(EXTRACTED DATA Opens)
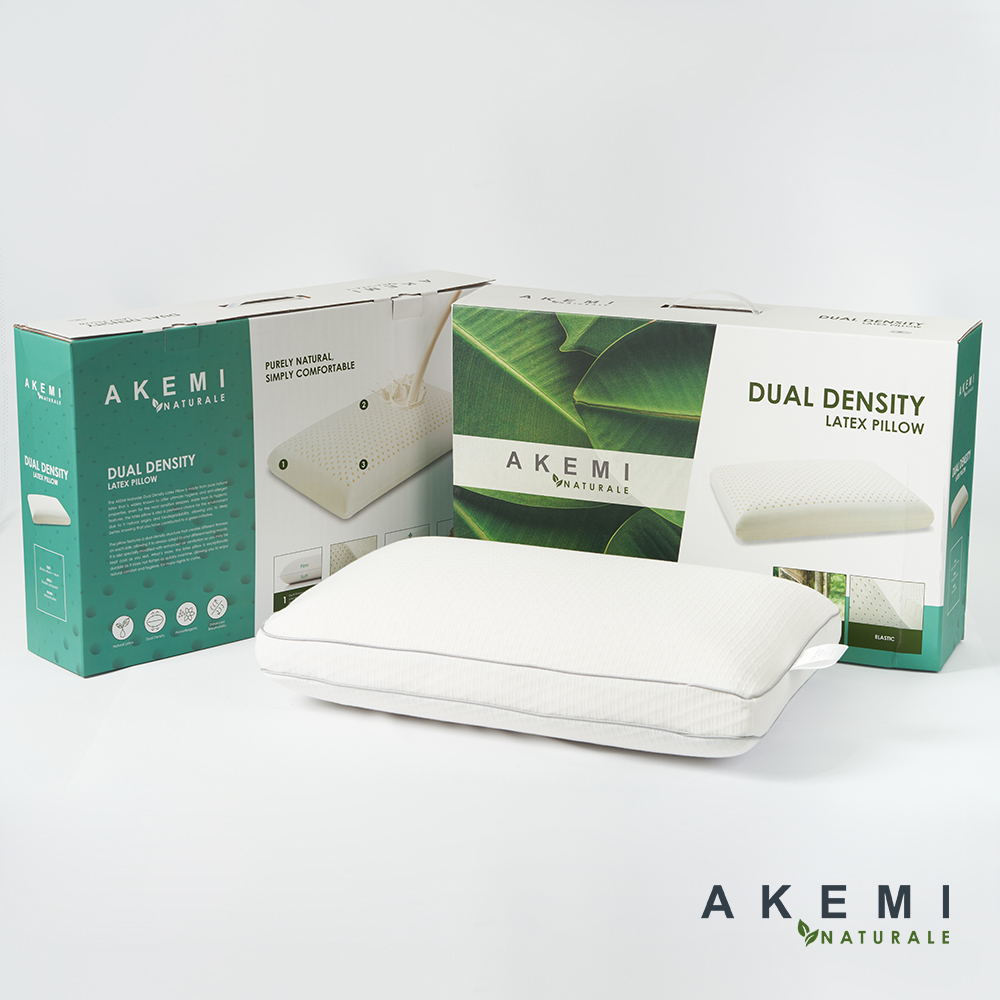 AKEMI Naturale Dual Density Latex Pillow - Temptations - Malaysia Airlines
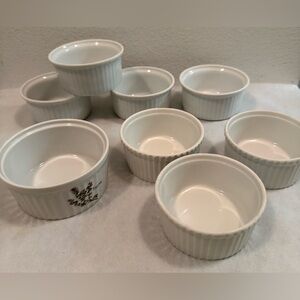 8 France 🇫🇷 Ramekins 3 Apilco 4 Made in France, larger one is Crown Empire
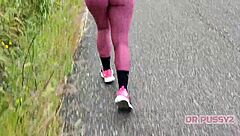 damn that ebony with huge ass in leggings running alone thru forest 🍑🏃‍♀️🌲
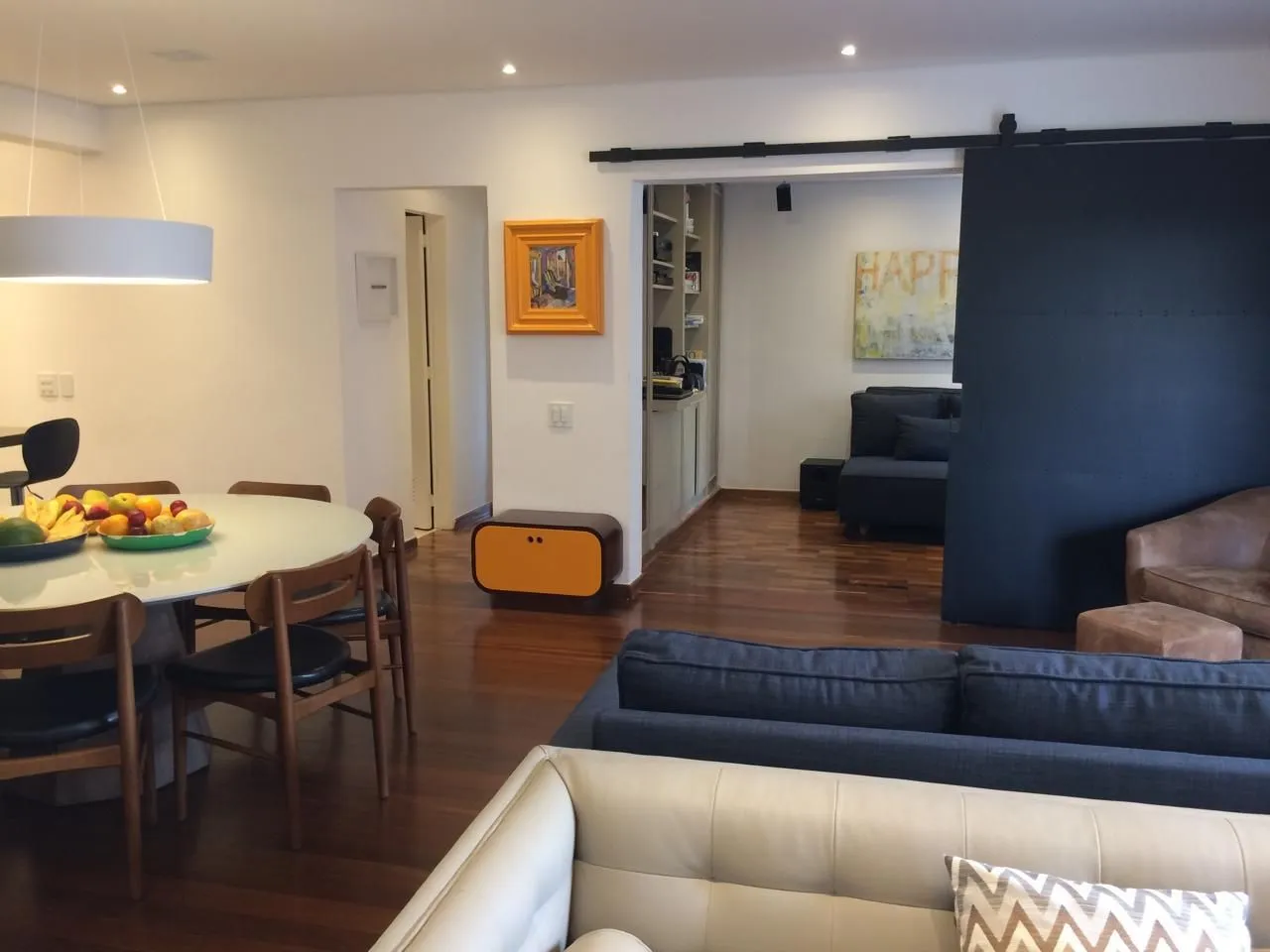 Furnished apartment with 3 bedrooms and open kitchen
(EXTRACTED DATA Closes)
(EXTRACTED DATA Opens)
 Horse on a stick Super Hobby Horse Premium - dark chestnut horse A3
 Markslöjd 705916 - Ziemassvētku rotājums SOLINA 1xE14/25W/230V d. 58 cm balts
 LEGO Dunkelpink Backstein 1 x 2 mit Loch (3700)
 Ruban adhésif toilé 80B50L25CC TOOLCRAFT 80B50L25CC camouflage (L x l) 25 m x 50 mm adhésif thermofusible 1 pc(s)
(EXTRACTED DATA Closes)
▶ EXERCISE:
Extract from the listing above the lines between the line containing "Markslöjd 705916 - Ziemassvētku" and the line containing "Ruban adhésif toilé", keeping both of those lines. Output nothing else.

▶ OUTPUT FOR THIS EXERCISE:
 Markslöjd 705916 - Ziemassvētku rotājums SOLINA 1xE14/25W/230V d. 58 cm balts
 LEGO Dunkelpink Backstein 1 x 2 mit Loch (3700)
 Ruban adhésif toilé 80B50L25CC TOOLCRAFT 80B50L25CC camouflage (L x l) 25 m x 50 mm adhésif thermofusible 1 pc(s)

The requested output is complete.